I am more convinced than ever that I just want to sell all my crap and move into the woods. I hate feeling tied down by obligations, money, car payments, etc. How great would it be to just shake it all off and go flying away.
So, my destination post-car breakdown was to Katie's house downtown. Its an intentional living community of about ten folks and a couple of them are moving out, so I was checking it out to see if I wanted to move in. I am undecided. It all has a very college/ community house vibe and I would want to spruce up (aka CLEAN LIKE CRAZY) the old house, but it could be fun (and cheap) to live with a bunch of people again. Another Pro is that the house is minutes from the Capoeira studio, my new obsession. But all the people I hung out with are the ones moving out (I liked them a lot) and I am afraid that if I move in I would be in charge of everything. I am just too tired for that. I feel like I am in survival mode again and am only really have energy or enjoyment of life every now and then. Maybe I just need to lower my expectations of life.
I am going to make Pros/ Cons list.
Pros:
Cheap Rent
Insta-friends/ community
Downtown location
Kayla- the resident Great Dane (sweet giant dog)
Great Patio
Musicians live there
House dinners/ hang out time
Always someone to play a game with
Everyone there is super conscious about community, environment etc.
Cons:
I would the oldest one/ insta-house mom (this is speculation)
People wouldn't follow through, I would clean house for everyone (also speculation)
1/2 hour commute to work (not so bad actually, this is more of a neutral)
sharing a bedroom (also not so bad, as long as whoever cleaned)
hmmmmmmm.....
I didn't know I was such a clean freak but I really do like things to be clean and organized.

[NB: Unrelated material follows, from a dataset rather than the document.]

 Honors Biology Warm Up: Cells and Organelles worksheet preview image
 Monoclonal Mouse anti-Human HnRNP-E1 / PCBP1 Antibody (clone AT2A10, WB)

Its totally a control thing. and a mental health things.
Anyone have opinions or advice?
Wow I am tired. Today would be a good caffeine-free exception day. I could use a big cup of joe to get me through. and I have to be friendly today too, which, no lie, kind of feels like a stretch.
Classic Risotto
1 week ago
3 comments:
Do not lower your expectations of life!
That comment came from Jessa. I didn't realize you were signed into my computer. :-)
haha funny- I was confused and wondering if a future version of myself was providing advice.